Given information —
▬▬▬▬▬▬

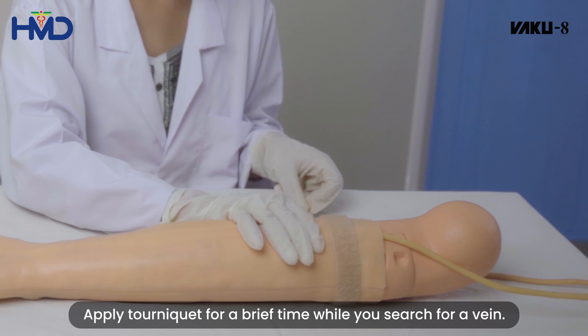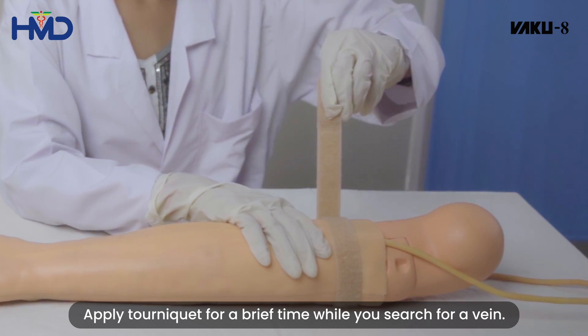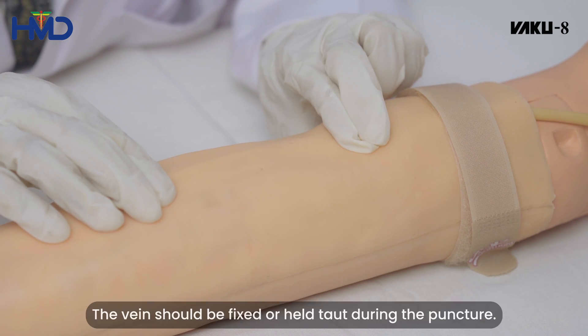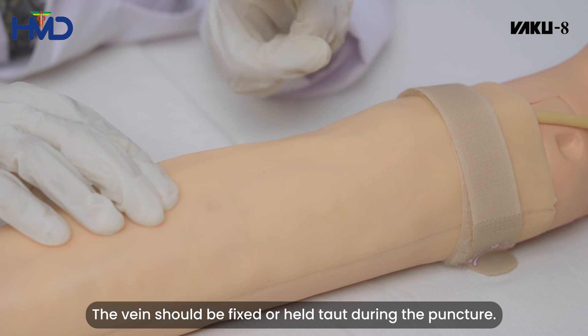Apply the tourniquet for a brief time while you search for a vein. Palpate the area to locate the vein for venipuncture. The vein should be fixed or held taut during the puncture.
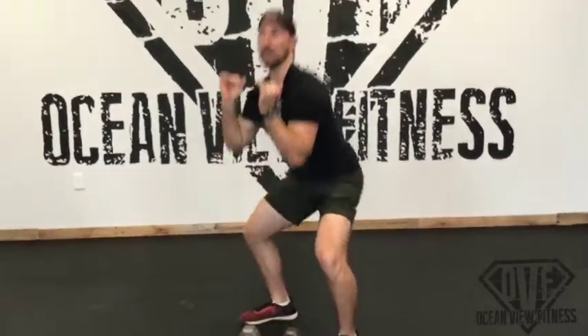So what it looks like without weights is this: you come down to a squat, and then you pop up and you thrust. From here to here is the power, and that power transfers the weight up into the air. You're actually taking over with your shoulders once you get to about right here, so you're popping it up all the way.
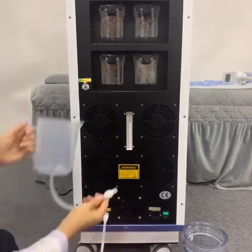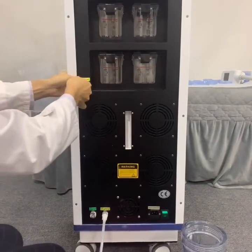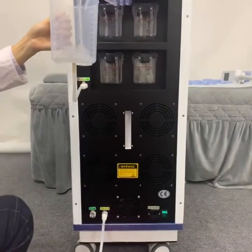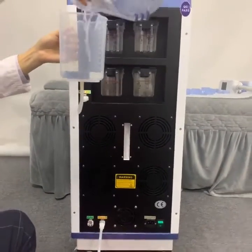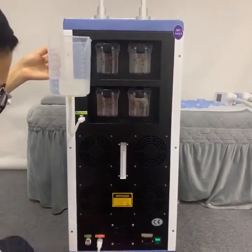Another water cup we will insert to the water inlet hole — the same operation. Press the silver button first. Now we will inject the water. If the water is full inside, it will come out from the water overflow hole.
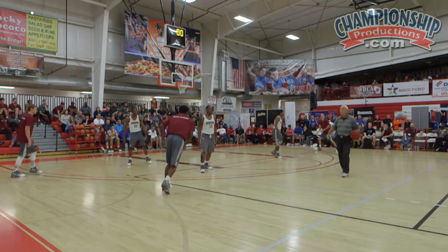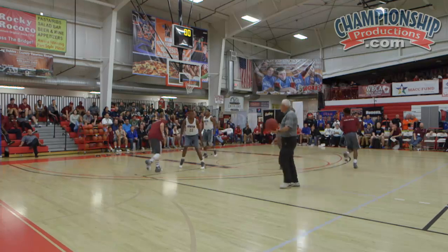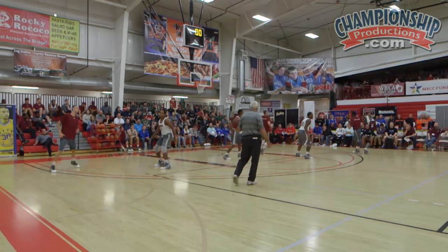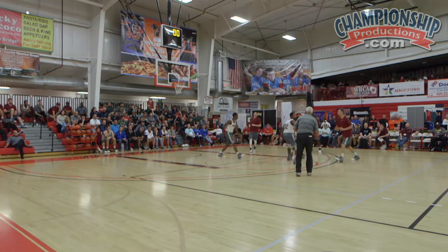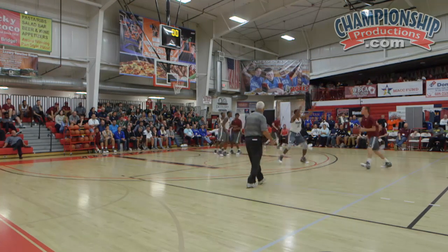All right, let's do it once more. Move. Vision. Ball you man. Ball you man. Up the line. Ball you man. Don't chase — that's right, don't chase. Ball you man. Somebody come out top. Come on out top. Boom. Freeze.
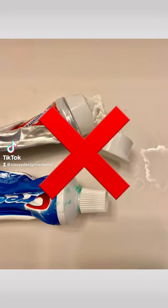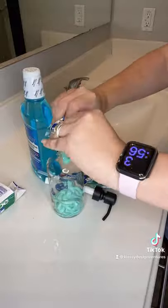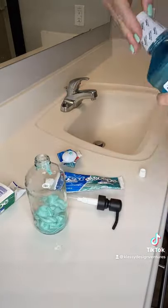If you have kids, your toothpaste may look like this. I've got a cool hack to help clean up your countertops and keep you more organized.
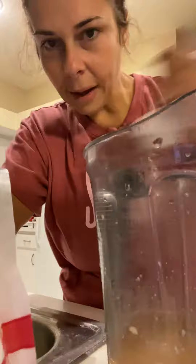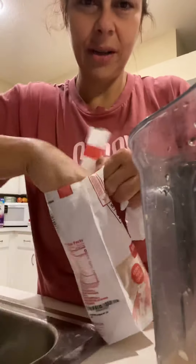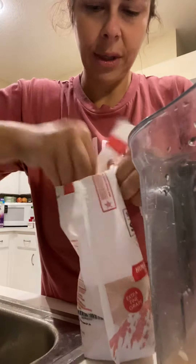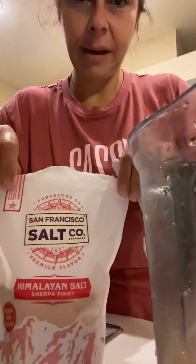This is just organic coconut oil from Sam's Club. Then I do a splash of organic heavy cream. And this is something I've been adding because I get sodium cravings during the day — so just a pinch of pink Himalayan sea salt.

▬▬▬▬▬▬

Transcribe all the records above word for word, without their images.

Apply the tourniquet for a brief time while you search for a vein. Palpate the area to locate the vein for venipuncture. The vein should be fixed or held taut during the puncture.
So what it looks like without weights is this: you come down to a squat, and then you pop up and you thrust. From here to here is the power, and that power transfers the weight up into the air. You're actually taking over with your shoulders once you get to about right here, so you're popping it up all the way.
Another water cup we will insert to the water inlet hole — the same operation. Press the silver button first. Now we will inject the water. If the water is full inside, it will come out from the water overflow hole.
All right, let's do it once more. Move. Vision. Ball you man. Ball you man. Up the line. Ball you man. Don't chase — that's right, don't chase. Ball you man. Somebody come out top. Come on out top. Boom. Freeze.
If you have kids, your toothpaste may look like this. I've got a cool hack to help clean up your countertops and keep you more organized.
This is just organic coconut oil from Sam's Club. Then I do a splash of organic heavy cream. And this is something I've been adding because I get sodium cravings during the day — so just a pinch of pink Himalayan sea salt.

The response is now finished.